What you produce should be the lines from the line containing "Pretty Guardian Sailor" through the last line below, both ends included, reproduced exactly and without pictures.
** EXTRACTED INFORMATION follows **
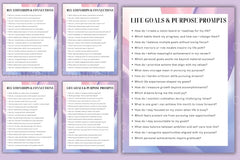 Self Discovery Prompt Vault - CraftNest - Digital Crafting and Art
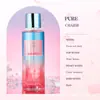 Comercio Exterior Victoria Perfume 250ml Body Mist Fragancia Ligera de Larga Duración Perfume Spray Corporal para Mujeres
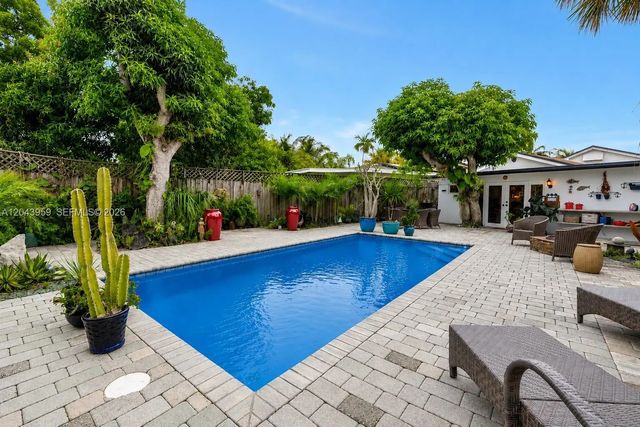 1401 Ne 33rd Street, Oakland Park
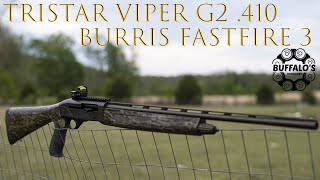 TriStar Viper G2 .410 Turkey Part II ~ Versatility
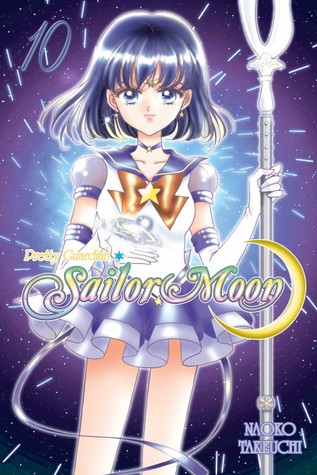Pretty Guardian Sailor Moon, Vol. 10 (Pretty Soldier Sailor Moon Renewal Edition, #10)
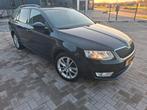 Škoda Octavia Combi 1.4 TSI Business Greentech – 2016 150PK, Auto's, Stof, Zwart, 4 cilinders, 150 pk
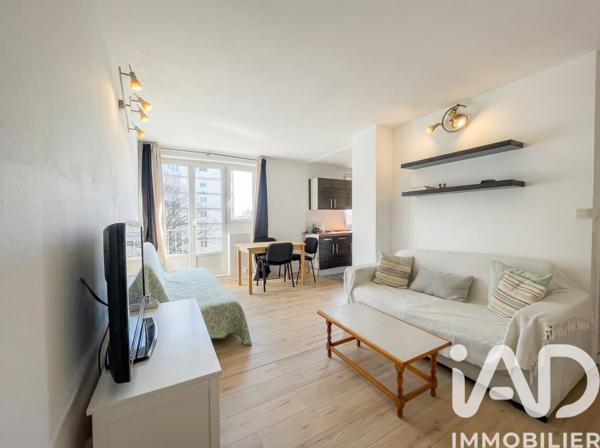 Appartement à vendre 2 pièces 43 m² Bagnolet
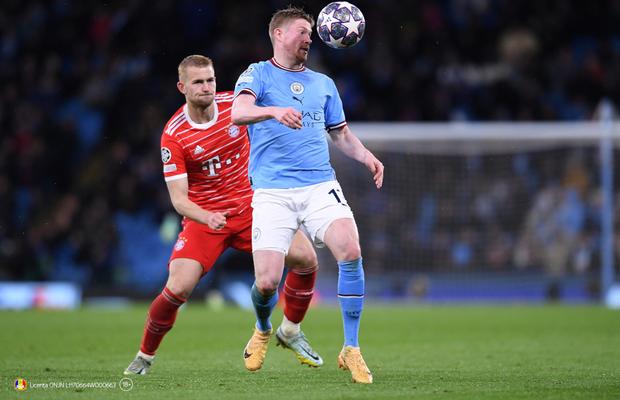 Bayern – Manchester City, o partidă de totul sau nimic pentru bavarezi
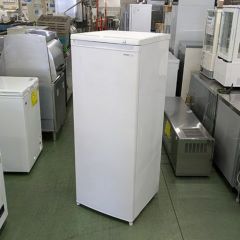 中古】冷凍ストッカー シャープ FJ-HS17X-W 幅550×奥行575×高さ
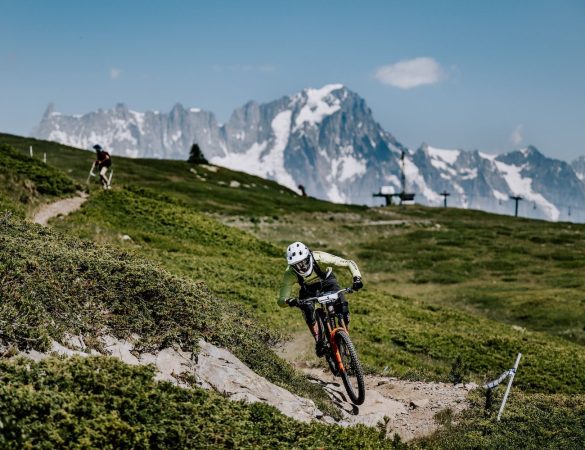 UCI stacca la spina alla Coppa del Mondo Enduro 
** End of EXTRACTED INFORMATION **
▸ ANSWER SECTION:
Pretty Guardian Sailor Moon, Vol. 10 (Pretty Soldier Sailor Moon Renewal Edition, #10)
 Škoda Octavia Combi 1.4 TSI Business Greentech – 2016 150PK, Auto's, Stof, Zwart, 4 cilinders, 150 pk
 Appartement à vendre 2 pièces 43 m² Bagnolet
 Bayern – Manchester City, o partidă de totul sau nimic pentru bavarezi
 中古】冷凍ストッカー シャープ FJ-HS17X-W 幅550×奥行575×高さ
 UCI stacca la spina alla Coppa del Mondo Enduro 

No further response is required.